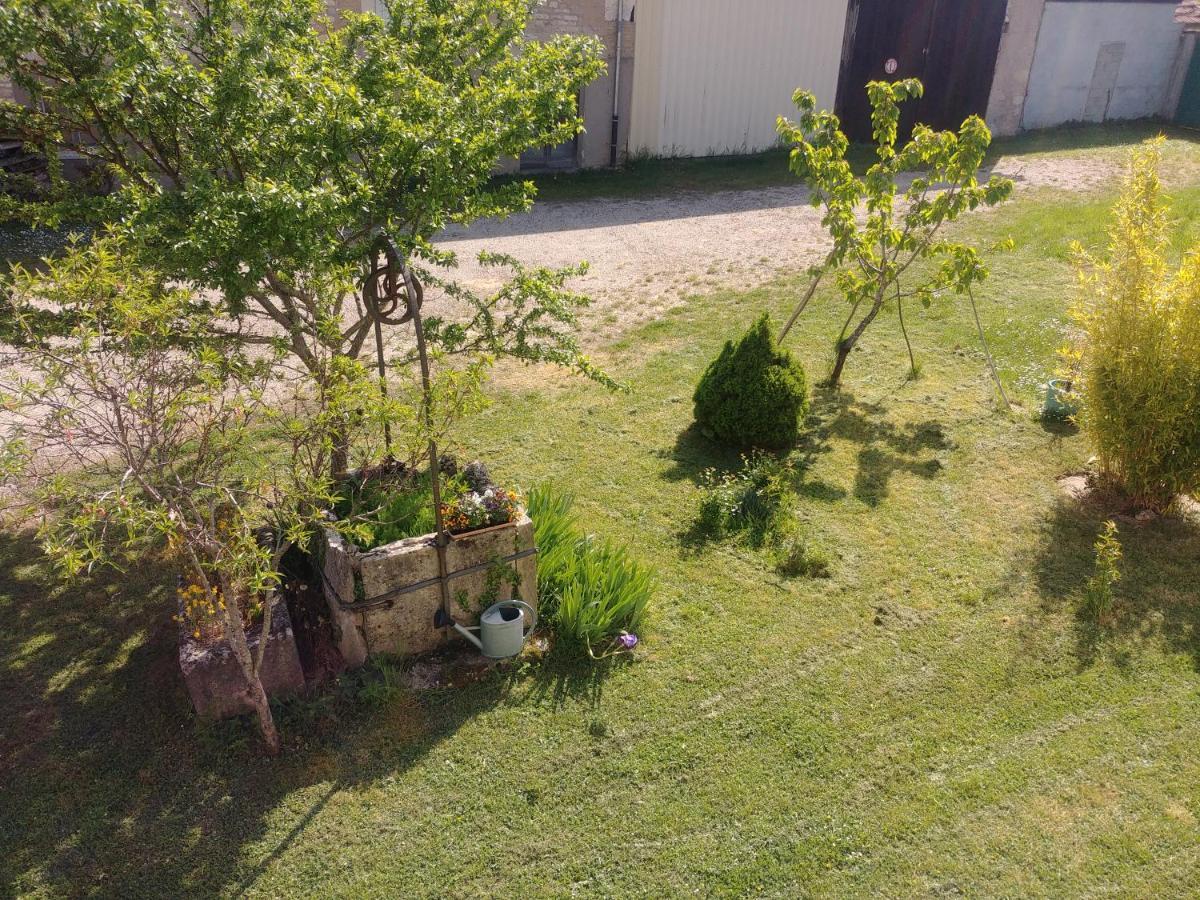 2 Chambres Privees Au Calme - Quartier Universite Dijon Dış mekan fotoğraf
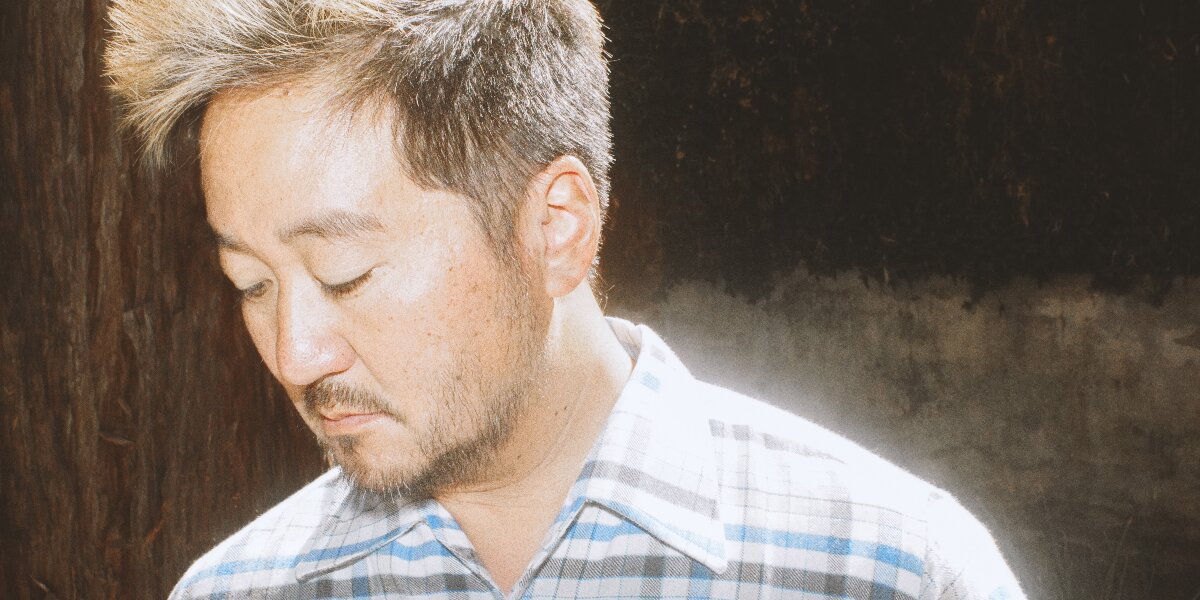 KISHI BASHI: Sonderlust 10th Anniversary Tour w/ Geographer at The Crocodile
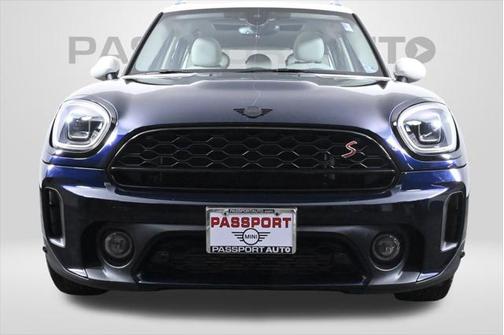 2023 MINI Countryman Cooper S ALL4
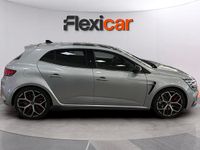 Usado Renault Mégane IV Trophy 300 CV (220 kW) 2022 Gris Utilitario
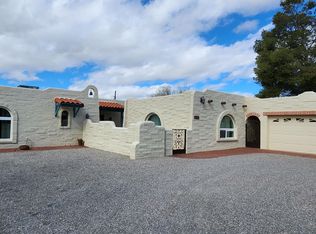 7928 E Coronado Rd, Tucson, AZ 85750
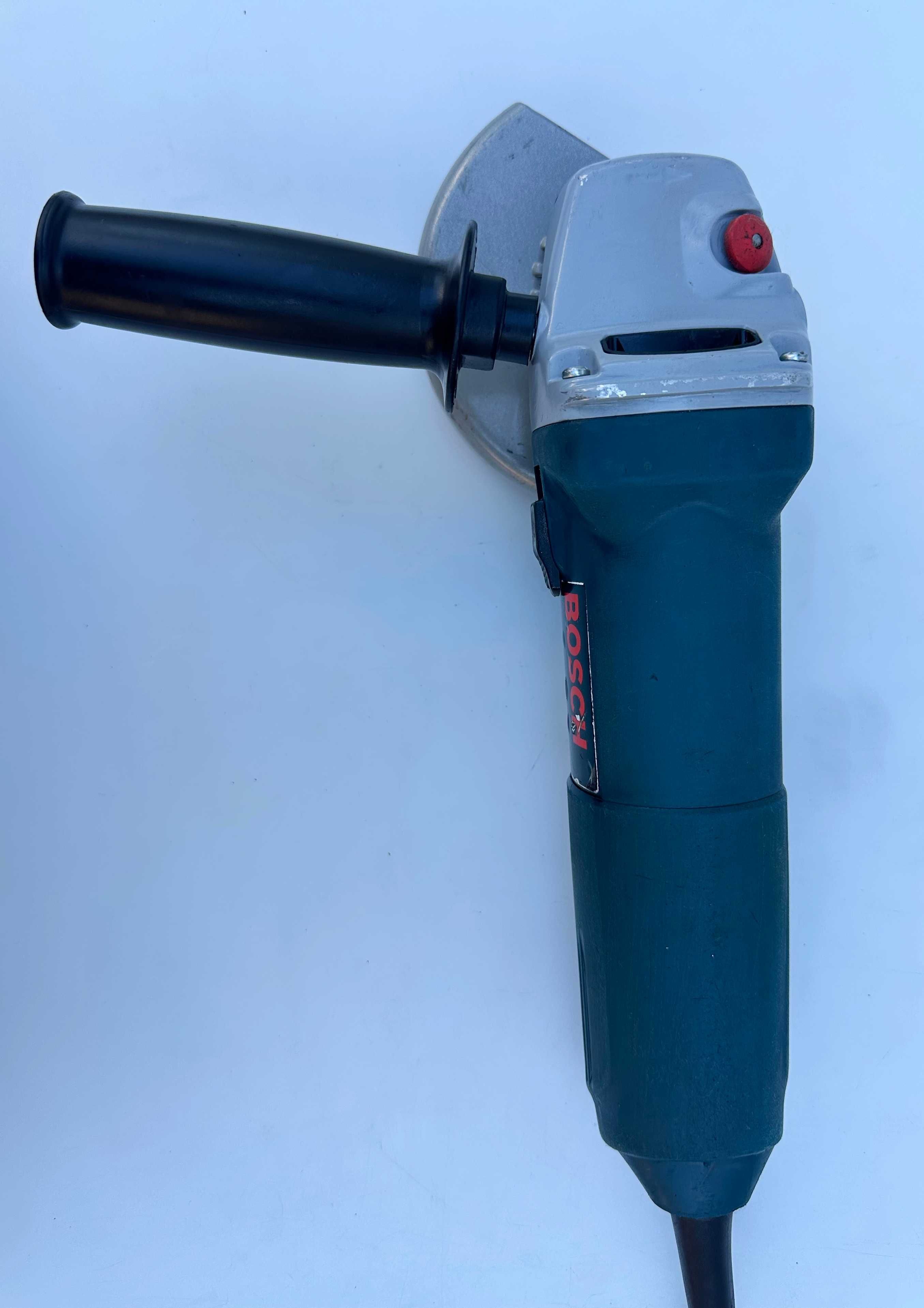 BOSCH GWS 1000 - Електрически ъглошлайф 1000W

TASK
The expected response is every entry above, repeated exactly, pictures removed.

SOLVED EXERCISE
 2 Chambres Privees Au Calme - Quartier Universite Dijon Dış mekan fotoğraf
 KISHI BASHI: Sonderlust 10th Anniversary Tour w/ Geographer at The Crocodile
 2023 MINI Countryman Cooper S ALL4
 Usado Renault Mégane IV Trophy 300 CV (220 kW) 2022 Gris Utilitario
 7928 E Coronado Rd, Tucson, AZ 85750
 BOSCH GWS 1000 - Електрически ъглошлайф 1000W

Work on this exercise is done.